The law, known as SB 824, was passed in 2018 after Republicans lost their supermajority in the legislature but before the new legislature took over. It was already on hold under a preliminary injunction, after North Carolina’s Court of Appeals said voter ID provisions could negatively impact Black voters. But now the state court has permanently blocked the law, which required photo identification to vote.
The majority of the three-judge panel said Friday that the law “was motivated at least in part by an unconstitutional intent to target African American voters.”
“Other, less restrictive voter ID laws would have sufficed to achieve the legitimate nonracial purposes of implementing the constitutional amendment requiring voter ID, deterring fraud, or enhancing voter confidence,” Superior Court Judges Michael O’Foghludha and Vince Rozier wrote in their ruling Friday.

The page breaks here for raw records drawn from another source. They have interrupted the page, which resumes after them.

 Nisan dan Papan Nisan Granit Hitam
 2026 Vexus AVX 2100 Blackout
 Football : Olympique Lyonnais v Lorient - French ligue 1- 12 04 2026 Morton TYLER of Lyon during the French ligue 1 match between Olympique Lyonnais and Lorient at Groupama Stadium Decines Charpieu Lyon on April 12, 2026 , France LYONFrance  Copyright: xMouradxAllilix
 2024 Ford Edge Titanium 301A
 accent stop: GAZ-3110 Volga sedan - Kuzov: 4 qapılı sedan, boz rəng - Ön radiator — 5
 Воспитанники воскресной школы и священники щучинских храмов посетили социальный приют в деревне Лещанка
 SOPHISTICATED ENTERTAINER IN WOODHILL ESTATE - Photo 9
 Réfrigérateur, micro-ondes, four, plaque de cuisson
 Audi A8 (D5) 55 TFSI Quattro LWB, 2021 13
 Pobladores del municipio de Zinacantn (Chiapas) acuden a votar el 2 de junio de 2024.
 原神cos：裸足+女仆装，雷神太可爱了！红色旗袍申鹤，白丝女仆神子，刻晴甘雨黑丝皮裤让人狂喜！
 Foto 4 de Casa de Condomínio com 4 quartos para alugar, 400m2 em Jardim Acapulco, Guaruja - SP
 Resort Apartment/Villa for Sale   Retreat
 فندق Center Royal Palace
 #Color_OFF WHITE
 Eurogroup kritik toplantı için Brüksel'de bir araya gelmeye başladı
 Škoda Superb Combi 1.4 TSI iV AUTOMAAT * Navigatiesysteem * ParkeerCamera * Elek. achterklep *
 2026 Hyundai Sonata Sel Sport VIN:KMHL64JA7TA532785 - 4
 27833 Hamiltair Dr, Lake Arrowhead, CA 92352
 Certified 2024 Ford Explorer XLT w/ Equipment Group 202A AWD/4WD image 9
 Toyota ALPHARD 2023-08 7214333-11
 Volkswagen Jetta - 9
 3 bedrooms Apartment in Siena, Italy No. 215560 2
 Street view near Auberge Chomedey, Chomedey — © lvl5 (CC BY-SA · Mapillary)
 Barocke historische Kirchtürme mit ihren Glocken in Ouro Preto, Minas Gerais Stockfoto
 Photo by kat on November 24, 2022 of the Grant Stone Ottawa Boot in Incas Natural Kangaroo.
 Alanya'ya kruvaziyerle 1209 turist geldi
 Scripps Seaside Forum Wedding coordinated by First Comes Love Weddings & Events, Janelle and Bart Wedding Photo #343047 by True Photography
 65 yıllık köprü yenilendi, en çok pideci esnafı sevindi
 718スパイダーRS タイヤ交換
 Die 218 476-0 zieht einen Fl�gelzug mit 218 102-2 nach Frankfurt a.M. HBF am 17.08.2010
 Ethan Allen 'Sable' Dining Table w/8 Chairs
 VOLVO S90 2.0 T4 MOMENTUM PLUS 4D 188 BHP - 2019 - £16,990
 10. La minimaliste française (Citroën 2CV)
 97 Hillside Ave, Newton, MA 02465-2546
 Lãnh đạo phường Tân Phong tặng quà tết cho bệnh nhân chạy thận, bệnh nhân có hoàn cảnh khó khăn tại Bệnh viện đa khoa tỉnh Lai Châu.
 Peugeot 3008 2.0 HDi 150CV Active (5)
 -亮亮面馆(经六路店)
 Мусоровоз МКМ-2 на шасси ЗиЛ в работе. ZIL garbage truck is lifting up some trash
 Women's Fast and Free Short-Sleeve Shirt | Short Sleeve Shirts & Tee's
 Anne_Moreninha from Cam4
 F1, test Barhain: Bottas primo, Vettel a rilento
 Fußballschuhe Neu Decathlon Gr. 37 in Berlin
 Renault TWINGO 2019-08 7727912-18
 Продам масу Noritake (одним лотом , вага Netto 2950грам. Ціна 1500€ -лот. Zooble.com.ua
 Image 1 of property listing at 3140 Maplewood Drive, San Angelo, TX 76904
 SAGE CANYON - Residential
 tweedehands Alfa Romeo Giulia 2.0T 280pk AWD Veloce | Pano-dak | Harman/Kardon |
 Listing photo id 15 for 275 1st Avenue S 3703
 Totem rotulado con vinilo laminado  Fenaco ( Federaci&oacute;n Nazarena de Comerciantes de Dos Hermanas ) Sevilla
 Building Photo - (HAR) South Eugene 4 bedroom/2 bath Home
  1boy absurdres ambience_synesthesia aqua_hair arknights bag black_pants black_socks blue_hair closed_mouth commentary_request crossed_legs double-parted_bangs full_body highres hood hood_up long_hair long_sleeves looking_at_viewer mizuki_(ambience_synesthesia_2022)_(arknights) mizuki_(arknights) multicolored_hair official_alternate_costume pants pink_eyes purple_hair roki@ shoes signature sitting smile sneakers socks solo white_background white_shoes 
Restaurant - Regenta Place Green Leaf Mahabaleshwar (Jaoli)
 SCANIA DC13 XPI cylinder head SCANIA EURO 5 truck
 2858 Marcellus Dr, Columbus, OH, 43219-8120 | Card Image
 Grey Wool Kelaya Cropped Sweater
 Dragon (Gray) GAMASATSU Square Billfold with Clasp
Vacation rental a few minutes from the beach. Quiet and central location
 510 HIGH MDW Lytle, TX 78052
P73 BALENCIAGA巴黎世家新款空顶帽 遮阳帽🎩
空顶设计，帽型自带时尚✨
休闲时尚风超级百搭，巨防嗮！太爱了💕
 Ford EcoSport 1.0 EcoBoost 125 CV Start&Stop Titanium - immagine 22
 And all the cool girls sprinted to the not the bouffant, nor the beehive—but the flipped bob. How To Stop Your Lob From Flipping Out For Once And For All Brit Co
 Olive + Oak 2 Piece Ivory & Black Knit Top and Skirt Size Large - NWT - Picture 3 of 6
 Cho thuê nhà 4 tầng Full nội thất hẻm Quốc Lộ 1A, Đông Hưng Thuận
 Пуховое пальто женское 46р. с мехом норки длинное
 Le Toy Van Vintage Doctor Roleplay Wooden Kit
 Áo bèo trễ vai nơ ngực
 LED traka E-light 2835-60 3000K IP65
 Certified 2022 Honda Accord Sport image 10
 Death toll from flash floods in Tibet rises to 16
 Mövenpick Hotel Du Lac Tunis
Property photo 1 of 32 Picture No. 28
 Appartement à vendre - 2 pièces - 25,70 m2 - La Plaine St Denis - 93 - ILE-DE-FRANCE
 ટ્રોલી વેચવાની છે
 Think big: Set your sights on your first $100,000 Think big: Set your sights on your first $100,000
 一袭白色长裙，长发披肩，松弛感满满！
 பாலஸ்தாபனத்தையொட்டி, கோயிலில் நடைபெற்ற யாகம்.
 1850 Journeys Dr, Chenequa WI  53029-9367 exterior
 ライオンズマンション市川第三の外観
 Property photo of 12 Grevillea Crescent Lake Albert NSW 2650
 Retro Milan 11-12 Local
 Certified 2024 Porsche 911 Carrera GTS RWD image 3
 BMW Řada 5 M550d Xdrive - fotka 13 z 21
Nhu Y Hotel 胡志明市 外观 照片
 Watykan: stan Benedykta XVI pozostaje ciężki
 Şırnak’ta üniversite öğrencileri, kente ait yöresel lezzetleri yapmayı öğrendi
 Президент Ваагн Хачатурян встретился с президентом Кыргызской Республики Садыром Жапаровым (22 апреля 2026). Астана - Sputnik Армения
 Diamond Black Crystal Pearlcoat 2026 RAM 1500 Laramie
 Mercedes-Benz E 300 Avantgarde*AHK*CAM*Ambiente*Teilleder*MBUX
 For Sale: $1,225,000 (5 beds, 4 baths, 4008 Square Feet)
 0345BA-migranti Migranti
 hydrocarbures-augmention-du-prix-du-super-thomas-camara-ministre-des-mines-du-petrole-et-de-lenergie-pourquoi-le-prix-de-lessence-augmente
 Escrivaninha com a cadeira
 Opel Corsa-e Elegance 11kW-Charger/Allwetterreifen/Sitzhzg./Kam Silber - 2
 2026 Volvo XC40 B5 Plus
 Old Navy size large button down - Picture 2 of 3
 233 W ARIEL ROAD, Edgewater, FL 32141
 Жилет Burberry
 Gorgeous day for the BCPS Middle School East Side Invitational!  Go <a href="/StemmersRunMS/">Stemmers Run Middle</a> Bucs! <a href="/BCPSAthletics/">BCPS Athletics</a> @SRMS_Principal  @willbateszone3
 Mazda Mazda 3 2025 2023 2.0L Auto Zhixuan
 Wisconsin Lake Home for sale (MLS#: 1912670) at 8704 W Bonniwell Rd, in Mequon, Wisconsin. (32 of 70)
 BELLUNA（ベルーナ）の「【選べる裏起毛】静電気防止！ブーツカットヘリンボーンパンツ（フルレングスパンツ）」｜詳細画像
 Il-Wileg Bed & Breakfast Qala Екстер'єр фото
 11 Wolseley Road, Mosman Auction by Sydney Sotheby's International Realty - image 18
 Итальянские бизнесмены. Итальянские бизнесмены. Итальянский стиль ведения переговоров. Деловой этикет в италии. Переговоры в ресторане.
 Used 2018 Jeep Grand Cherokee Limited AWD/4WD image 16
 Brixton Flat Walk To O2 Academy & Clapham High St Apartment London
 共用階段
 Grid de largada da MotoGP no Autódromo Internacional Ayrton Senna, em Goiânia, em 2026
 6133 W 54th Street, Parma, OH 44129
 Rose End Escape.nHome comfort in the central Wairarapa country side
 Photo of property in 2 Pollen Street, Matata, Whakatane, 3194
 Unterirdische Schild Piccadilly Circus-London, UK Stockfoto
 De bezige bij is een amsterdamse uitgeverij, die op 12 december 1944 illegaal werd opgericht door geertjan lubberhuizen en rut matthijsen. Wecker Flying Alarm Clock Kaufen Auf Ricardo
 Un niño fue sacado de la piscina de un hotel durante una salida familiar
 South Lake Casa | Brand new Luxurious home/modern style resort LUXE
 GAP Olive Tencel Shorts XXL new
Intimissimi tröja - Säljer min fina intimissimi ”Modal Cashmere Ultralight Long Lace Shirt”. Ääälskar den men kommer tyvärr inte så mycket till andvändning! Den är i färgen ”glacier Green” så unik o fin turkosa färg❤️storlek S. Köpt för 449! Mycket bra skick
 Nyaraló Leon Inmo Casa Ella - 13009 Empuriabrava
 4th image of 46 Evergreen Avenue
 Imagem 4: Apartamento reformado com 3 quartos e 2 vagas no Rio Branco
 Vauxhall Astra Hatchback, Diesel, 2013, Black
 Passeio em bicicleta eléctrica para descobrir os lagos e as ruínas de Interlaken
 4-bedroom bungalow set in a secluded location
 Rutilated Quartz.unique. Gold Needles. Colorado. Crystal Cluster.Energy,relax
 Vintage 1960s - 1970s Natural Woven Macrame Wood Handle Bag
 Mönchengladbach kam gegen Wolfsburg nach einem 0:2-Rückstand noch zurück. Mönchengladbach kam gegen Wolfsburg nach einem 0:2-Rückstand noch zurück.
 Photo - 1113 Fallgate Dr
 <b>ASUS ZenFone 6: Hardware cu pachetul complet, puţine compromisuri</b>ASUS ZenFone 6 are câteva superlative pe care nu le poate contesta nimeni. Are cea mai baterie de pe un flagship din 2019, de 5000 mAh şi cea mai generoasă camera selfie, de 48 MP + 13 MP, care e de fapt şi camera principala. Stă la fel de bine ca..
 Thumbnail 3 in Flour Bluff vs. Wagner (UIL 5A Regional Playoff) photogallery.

In a statement, Southern Coalition for Social Justice co-executive director and chief counsel for voting rights Allison Riggs and pro bono counsel Andrew Ehrlich — attorneys who served on behalf of a group of North Carolina voters — said they “hope” the ruling sent “a strong message that racial discrimination will not be tolerated.”
The statement continued: “Today’s ruling striking down North Carolina’s latest unconstitutional photo voter ID law is a testament to the overwhelming evidence, including compelling stories of disenfranchisement from voters themselves, which highlighted how the state’s Republican-controlled legislature undeniably implemented this legislation to maintain its power by targeting voters of color."